■ Exercise aim
Where a picture shows up in the listing below, omit it and output the rest exactly.

■ Data provided
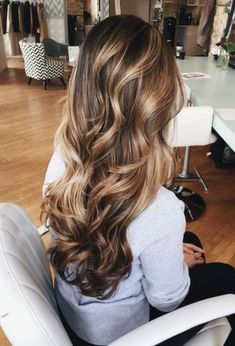 Highlights Ideas, Caramel Highlights, Honey Blonde Hair, Brown Blonde Hair, Haircuts For Long Hair, Hair Color Balayage, Light Brown Hair, Brown Hair Colors, Brunette Hair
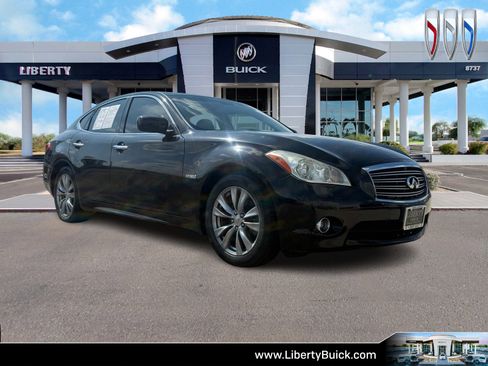 Used 2013 INFINITI M35 w/ Premium Pkg RWD image 1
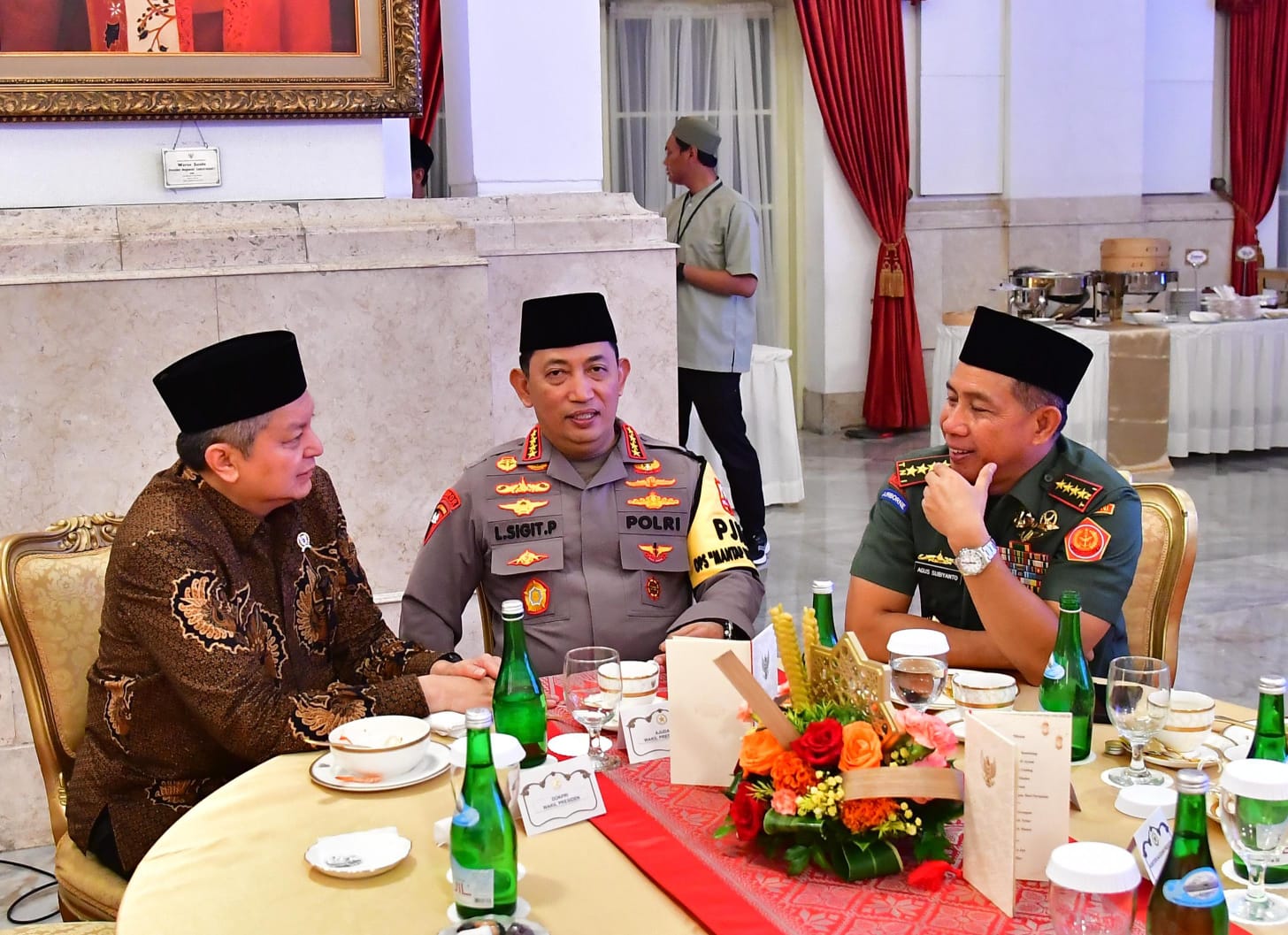 Panglima TNI Hadiri Buka Puasa Bersama Dengan Presiden RI di Istana Negara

■ Output below
 Highlights Ideas, Caramel Highlights, Honey Blonde Hair, Brown Blonde Hair, Haircuts For Long Hair, Hair Color Balayage, Light Brown Hair, Brown Hair Colors, Brunette Hair
 Used 2013 INFINITI M35 w/ Premium Pkg RWD image 1
 Panglima TNI Hadiri Buka Puasa Bersama Dengan Presiden RI di Istana Negara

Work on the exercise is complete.